Porfírio dos Santos foi pai de Joaquina Porfíria (esta foi casada com António Baptista, dito o António Orelha) e morou na Rua de Trás numa casinha com alpendre, muito estreita, pouco mais que a largura da porta (se olharmos atentamente, ainda reconheceremos, na parede agora cega, os limites da frontaria da casa e o desenho do alpendre) que existia entre a casa de Joaquina Méla (sua neta) e a que foi dos meios-irmãos da minha avó, Manuel Mariola e Maria Marreca e, depois, do meu tio José Francês.

Faleceu em Dezembro de 1951.

As crianças que eram abandonadas (enjeitadas), eram-no, por vezes, com alguns sinais ou indicações que pudessem permitir um eventual reatamento da relação parental, por ex., um papel escrito onde se dizia o nome, no caso de ter sido baptizada. (em 2001, por ocasião do seu 503º aniversário, a Misericórdia de Lisboa promoveu uma exposição, de que publicou um interesante catálogo "Os Expostos da Roda da Santa Casa da Misericórdia de Lisboa", no qual são reproduzidos muitos dos "sinais" que acompanharam crianças enjeitadas).

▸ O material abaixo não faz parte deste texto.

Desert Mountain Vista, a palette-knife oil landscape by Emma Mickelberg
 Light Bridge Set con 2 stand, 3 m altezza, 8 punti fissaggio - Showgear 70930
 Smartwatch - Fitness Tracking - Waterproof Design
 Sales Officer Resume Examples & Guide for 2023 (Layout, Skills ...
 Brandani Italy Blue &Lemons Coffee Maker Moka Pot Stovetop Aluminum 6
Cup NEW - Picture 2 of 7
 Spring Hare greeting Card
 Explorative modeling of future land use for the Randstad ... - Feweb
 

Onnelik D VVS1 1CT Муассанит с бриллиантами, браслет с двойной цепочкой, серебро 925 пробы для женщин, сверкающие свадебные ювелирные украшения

Quando não havia certezas, procedia-se ao baptismo ”sub conditione” (sob a condição de se não vir a saber do primeiro baptismo, caso em que este segundo seria considerado nulo quer dizer, sem nenhum efeito, como se nunca tivesse sido realizado), atribuindo-se-lhe um nome que era, em geral, o do santo do dia e, por apelido “dos Santos”, já que a criança não era de ninguém.

Assim, desconhecendo eu quando terá nascido o Ti’Porfírio dos Santos, podemos afirmar que, com certeza, ou nasceu num dia 26 de Fevereiro ou foi encontrado, ou foi baptizado nesse dia. Isto, por o dia 26 de Fevereiro ser, no calendário litúrgico, o dia consagrado a São Porfírio.